Swing arm curtain rods are versatile, decorative and functional. You can use them on windows or doors, or as coverings for bookcases and closets, and typically require only a small space for mounting. The drawback to these rods is that they are difficult to find for odd-sized openings and they can be expensive. Unless they are custom made of high-grade material, they tend to bend under the substantial weight of a lined curtain. However, the savvy homeowner who is comfortable using tools, knows her way around the big-box hardware store and is armed with a swing-arm design from a drapery workroom, can make swing arms that function, can be painted to match her decor, and are much less expensive than custom-made.
Insert the curtain rod section of pipe into the right angle opening of the T-connector.
Mark on the wall the required location of the curtain rod, at the position of the center of the rod. The rod is 1/2-inch in diameter.
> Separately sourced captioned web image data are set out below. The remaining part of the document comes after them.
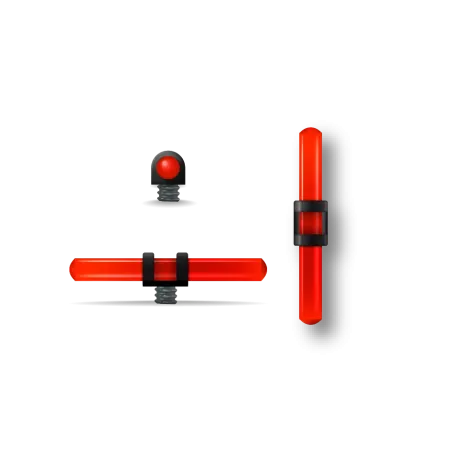 Guidon long pour fusil rouge fluo 
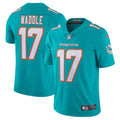 Youth Miami Dolphins Jaylen Waddle Vapor Jersey   Aqua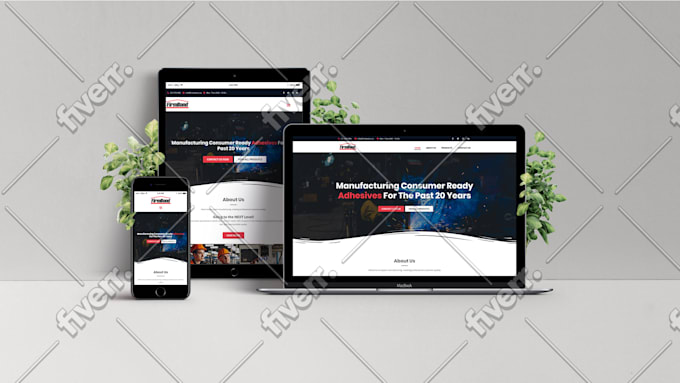 create wordpress website design landing page with elementor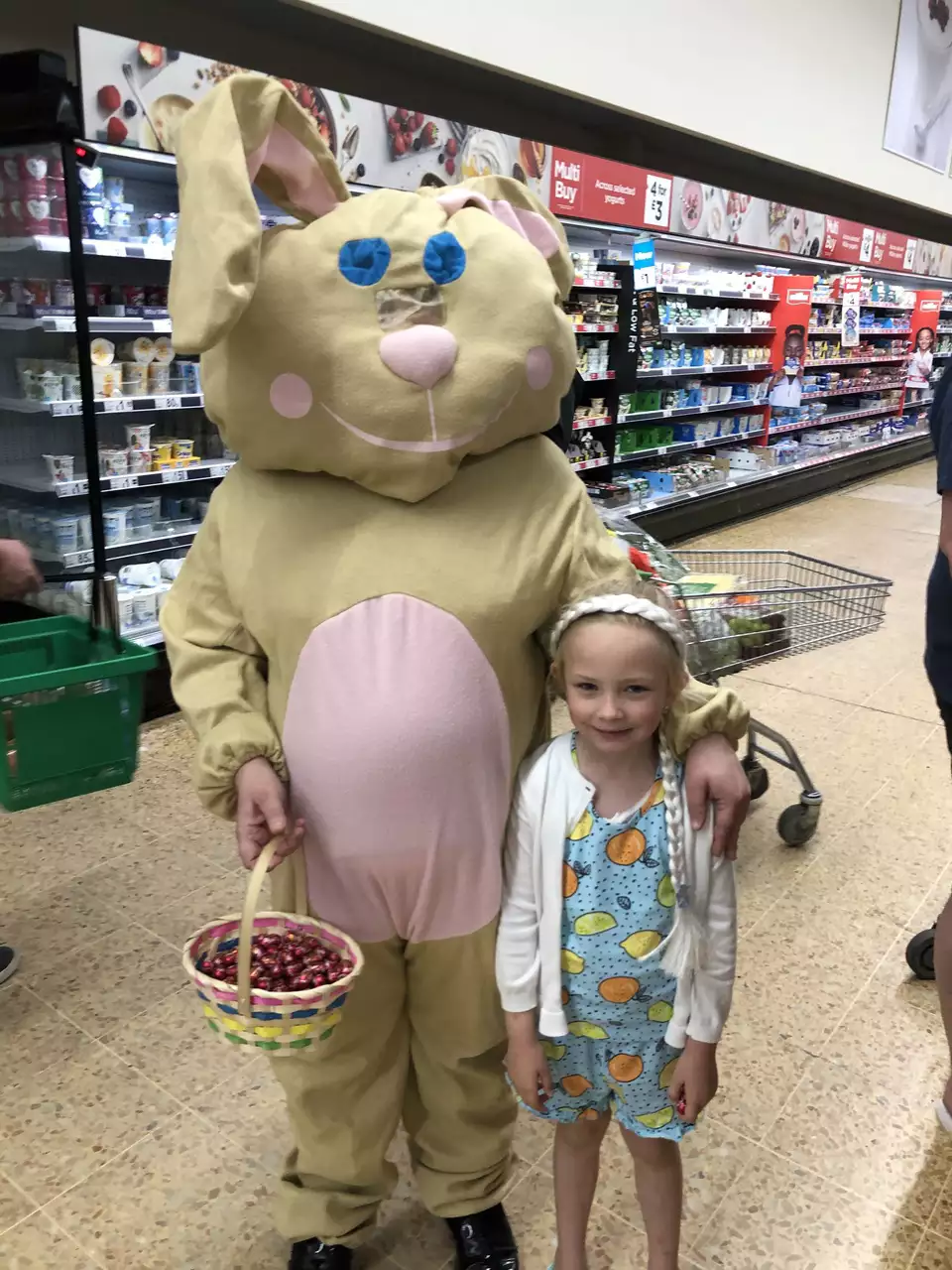 Easter Bunny visit | Asda Swanley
If the desired top-of-curtain measurement is 80 inches from the floor, the wall mark must be at 79-3/4 inches from the floor.
Measure, and mark, 1-3/8 inch above and below this rod location.
Insert the eye-screws at these marks, finishing with the eyes parallel to the floor.
Insert the T-connector into the space between the eye-screws; the curtain rod extends into the room between the eye-screws. The open ends of the T-connector are oriented vertically.
Insert the 2-inch piece of pipe through the top eye-screw and into the top opening of the T-connector. Top with an end cap.
Insert the 1-inch piece of pipe through the bottom eye-screw and into the bottom opening of the T-connector and top with an end cap.
Feed the curtain onto the curtain rod and fasten the chosen finial to the end.